Nisan ayınında gelmesiyle tabiat bütün tazeliğini yeniden kazanmaya başlıyor, uzun bir kış döneminin verdiği rehaveti üzerimizden atmanın zamanı geldi sayılır. Toprağın altında bütün bir kış yeşermeyi bekleyen tohumun heyecanını yaşıyorum yola çıkmak için.
Bu senenin ilk yolculuğuna çıkmaya hazırlanıyoruz amacımız kendimizi fazla yormadan uzun soluklu bir geziden ziyade sadece küçük bir başlangıç yapmak, sene boyunca yapacağımız gezilerin yanında kalın bir kitabın ön sözü olarak da düşünülebilir bu yolculuk.
Nereye gidebiliriz sorusuna lokman ağabeyden çankırı cevabı geliyor, neden çankırı?
Bir kaç sene öncesine kadar mahallemizin mescidinde imamlık vazifesini sürdüren isa hocanın tayini çankırının "elmacı" köyüne düşmüştü o gün bugündürde pek bir araya gelememiştik.

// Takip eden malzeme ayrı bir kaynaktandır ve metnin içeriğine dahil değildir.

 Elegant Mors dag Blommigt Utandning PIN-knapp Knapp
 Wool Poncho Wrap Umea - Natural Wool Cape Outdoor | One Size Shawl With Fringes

Üzerimizde bir hayli hakkı olan, sürdürdüğü görevi layıkıyla yerine getiren bu güzel insanı hem ziyarete gitmek bu vesileylede yılın ilk yolculuğunu gerçekleştirmek düşüncesi kafamda hemen onay işareti alıyor.
Pek fazla hazırlığa gerek duymadan yanımıza ne olur ne olmaz kabilinden henüz havalarında tam manasıyla düzelmediği düşüncesiyle çadırımızı uyku tulumlarımızı alarak akşam vakti lokman ağabeyin küheylana atlıyoruz İlk olarak Ankara iskitlerde bulunan eski sanayide motosikletin ufak tefek bakımlarını yaptırmaya koyuluyoruz, usta kafa dengi biri çıkıyor dükkanda bulunan iki arkadaşıda bize ilgisini esirgemediğinden koyu bir sohbete dalıyoruz, vakit epey oldu...

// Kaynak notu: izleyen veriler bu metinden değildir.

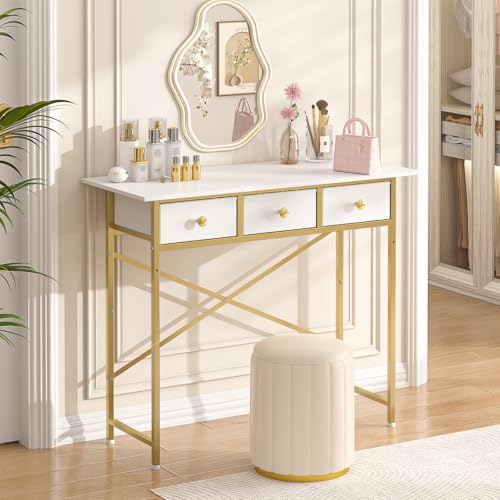 White Vanity Desk with Drawers for Kids Bedroom, 31.5 Inch J2831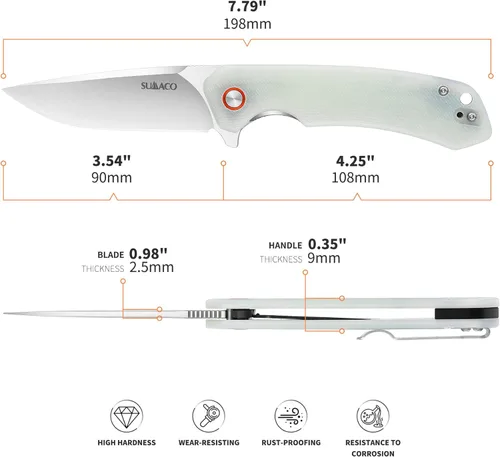 Miniatura 3 de Cuchillo de bolsillo para hombre, acero D2 y mango G10, 3.54 pulgadas de longitud de la hoja, cuchillos de bolsillo con clip y cuchillos plegables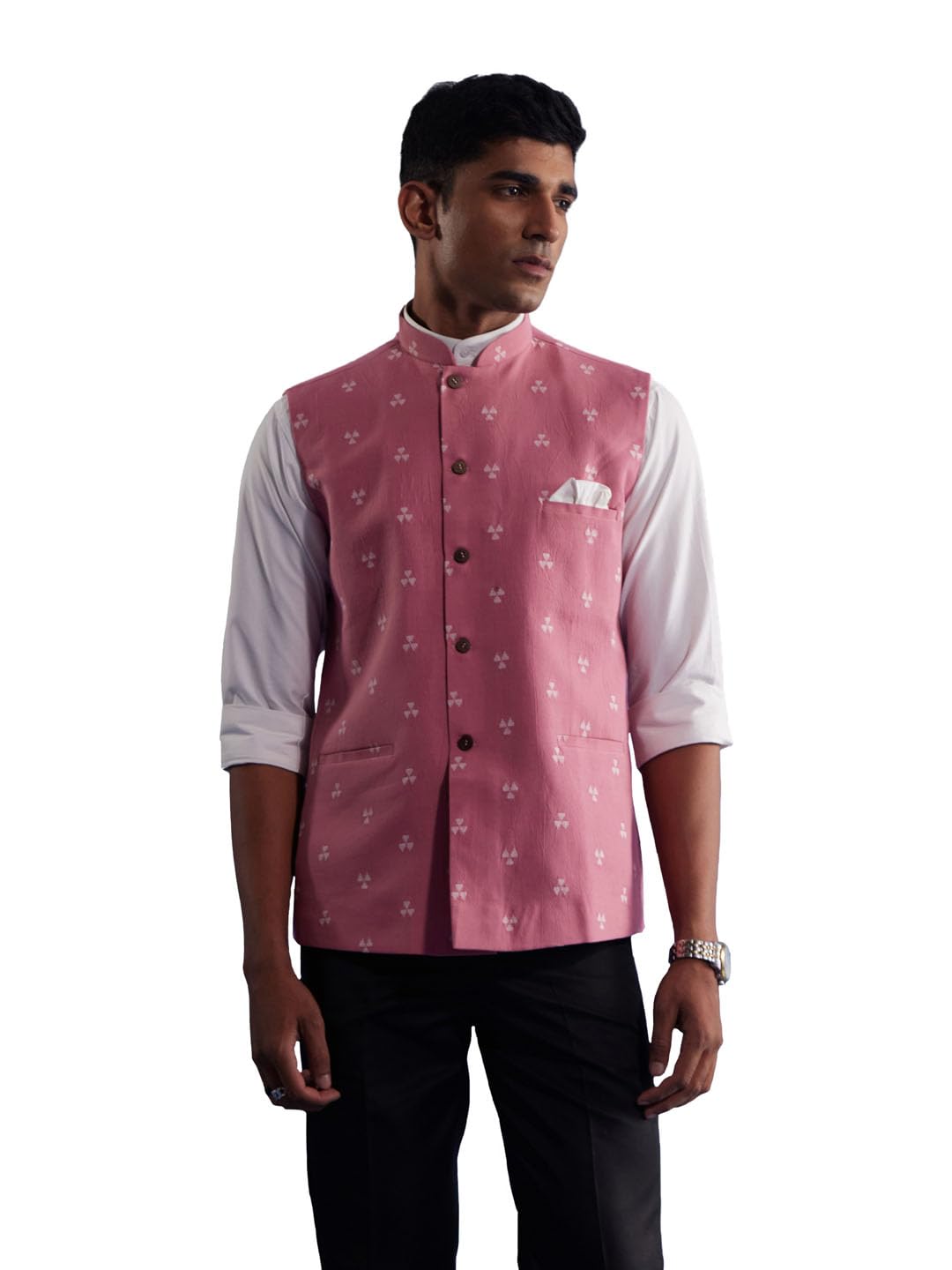 shvaas by vastramay Men's Pink - Nehru Jacket-picture-29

Geç saatlerde tekrar yola çıkıoruz ne varki bu geçmiş kalmışlığın acısı daha yolculuğun ilk dakikalarında karşımıza dondurucu soğuk olarak dikiliyor.

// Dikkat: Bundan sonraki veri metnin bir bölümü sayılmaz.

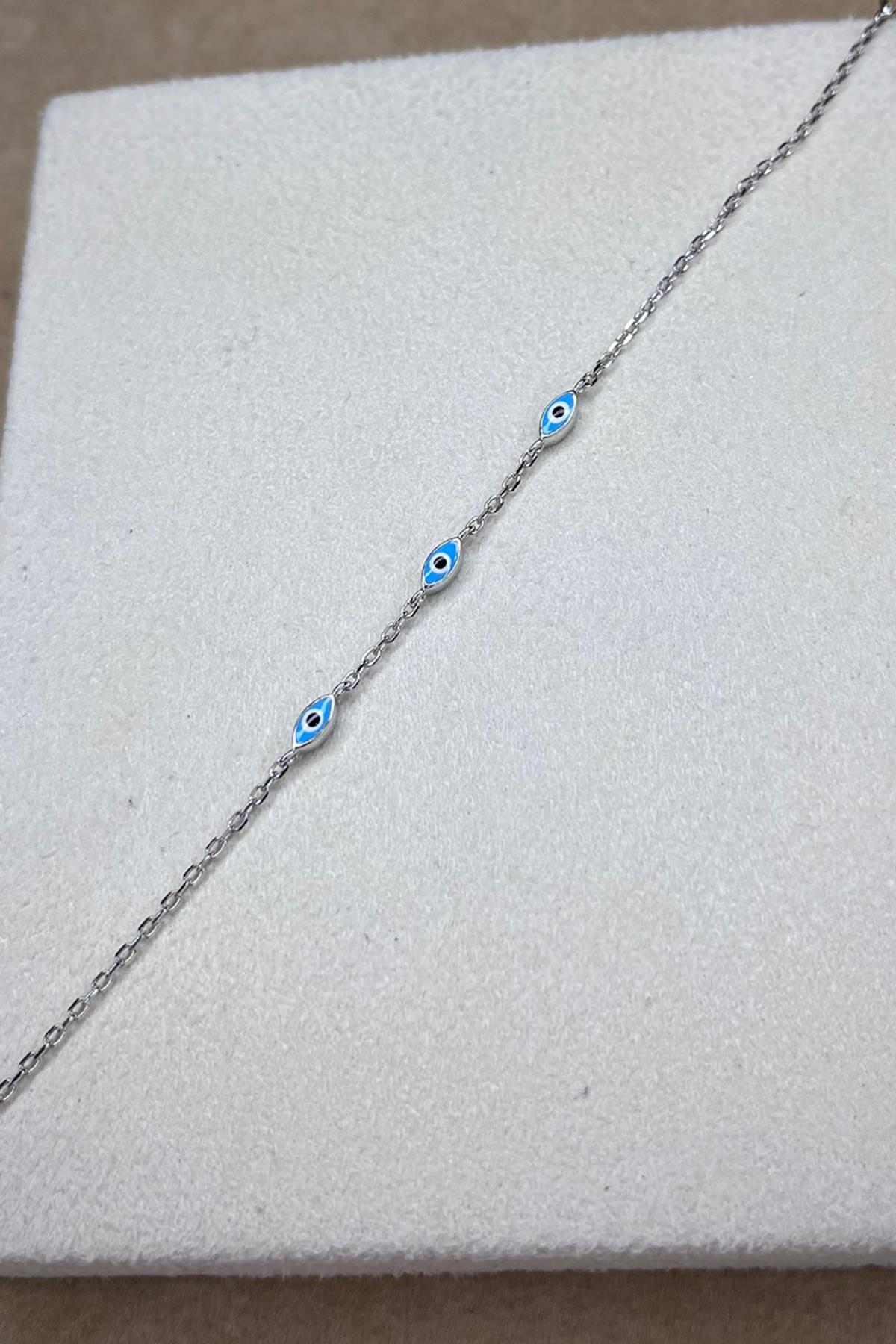 Minimal Nazar Model Gümüş Bileklik By-8987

Daha Ankara dan çıkıp Çankırı yoluna giremedik bile, buz gibi hava dev bir kütle gibi üzerimize çarpıp çarpıp çiğniyor bizi. On dkkada bir motosikletden inip hoplayıp zıplıyoruz ısınmak için
Çevre yoluna girip biraz ilerlediğimizde yol kenarlarında daha erimeyen karlar görüyorum, galiba topraktan başımızı erken kaldırdık diye düşünmeye başladım
Ankara-Kalecik arası 60,65 km civarı bu kadar kısa mesafeyi kaç saatde aldığımızı hatırlamıyorum bile, soğuk belimizi fena büktü bu sefer.Kaleciğin hemen girişinde karşımıza çıkan caminin avlusunda biraz dinlenmek,bişeyler atıştırmak amacıyla konaklıyoruz kapısının açık olduğunu görünce geceyi burada geçirmeye karar veriyoruz.
vaktimizin kısa olması nedeni ile bazı civar köyleri gezintye bu köylerde görülmesi gereken manevi alemin ulularını
isa hocamızın rehberliğinde ziyarete gidiyoruz.